§ Task to complete: Two lines in the listing below mark the span: one contains "Urban Outfitters Black" and one contains "China Double pivot". Reproduce both of them and everything between, exactly.

§ Data for processing:
■ ■ ■
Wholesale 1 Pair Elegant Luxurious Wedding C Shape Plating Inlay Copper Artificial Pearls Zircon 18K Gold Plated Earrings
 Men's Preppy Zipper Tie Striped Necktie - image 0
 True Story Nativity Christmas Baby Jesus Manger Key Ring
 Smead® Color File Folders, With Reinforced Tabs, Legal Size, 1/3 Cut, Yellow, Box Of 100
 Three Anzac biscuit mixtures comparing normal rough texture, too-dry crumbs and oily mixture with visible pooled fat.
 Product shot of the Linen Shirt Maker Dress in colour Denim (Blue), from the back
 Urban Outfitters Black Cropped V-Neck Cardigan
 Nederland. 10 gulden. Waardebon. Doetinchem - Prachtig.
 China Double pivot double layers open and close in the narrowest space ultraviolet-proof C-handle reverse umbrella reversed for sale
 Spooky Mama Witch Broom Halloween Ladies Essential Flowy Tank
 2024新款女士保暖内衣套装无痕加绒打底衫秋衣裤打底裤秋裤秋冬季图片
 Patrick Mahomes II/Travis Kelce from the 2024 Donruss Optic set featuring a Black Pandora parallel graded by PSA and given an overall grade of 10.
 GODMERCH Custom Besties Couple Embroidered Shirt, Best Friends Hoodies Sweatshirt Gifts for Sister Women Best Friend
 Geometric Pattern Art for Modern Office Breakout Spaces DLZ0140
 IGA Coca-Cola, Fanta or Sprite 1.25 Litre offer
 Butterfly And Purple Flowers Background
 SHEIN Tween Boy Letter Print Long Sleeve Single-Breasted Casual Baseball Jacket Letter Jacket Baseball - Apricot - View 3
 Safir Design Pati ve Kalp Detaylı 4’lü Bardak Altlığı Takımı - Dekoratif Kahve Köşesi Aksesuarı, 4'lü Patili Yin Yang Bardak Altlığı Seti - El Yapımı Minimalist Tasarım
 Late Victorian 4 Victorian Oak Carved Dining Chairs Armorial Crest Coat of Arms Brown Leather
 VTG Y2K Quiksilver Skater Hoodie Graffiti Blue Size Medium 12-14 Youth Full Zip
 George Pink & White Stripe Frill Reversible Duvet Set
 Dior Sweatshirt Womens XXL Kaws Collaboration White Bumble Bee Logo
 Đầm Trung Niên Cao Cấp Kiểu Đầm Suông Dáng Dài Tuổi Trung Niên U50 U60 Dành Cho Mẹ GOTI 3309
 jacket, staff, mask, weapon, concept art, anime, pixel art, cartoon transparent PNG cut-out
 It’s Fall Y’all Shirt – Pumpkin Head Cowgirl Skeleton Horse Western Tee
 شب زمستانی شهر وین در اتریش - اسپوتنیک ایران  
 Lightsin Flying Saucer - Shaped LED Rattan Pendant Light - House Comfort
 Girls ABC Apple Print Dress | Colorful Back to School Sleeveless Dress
■ ■ ■
§ Reply:
 Urban Outfitters Black Cropped V-Neck Cardigan
 Nederland. 10 gulden. Waardebon. Doetinchem - Prachtig.
 China Double pivot double layers open and close in the narrowest space ultraviolet-proof C-handle reverse umbrella reversed for sale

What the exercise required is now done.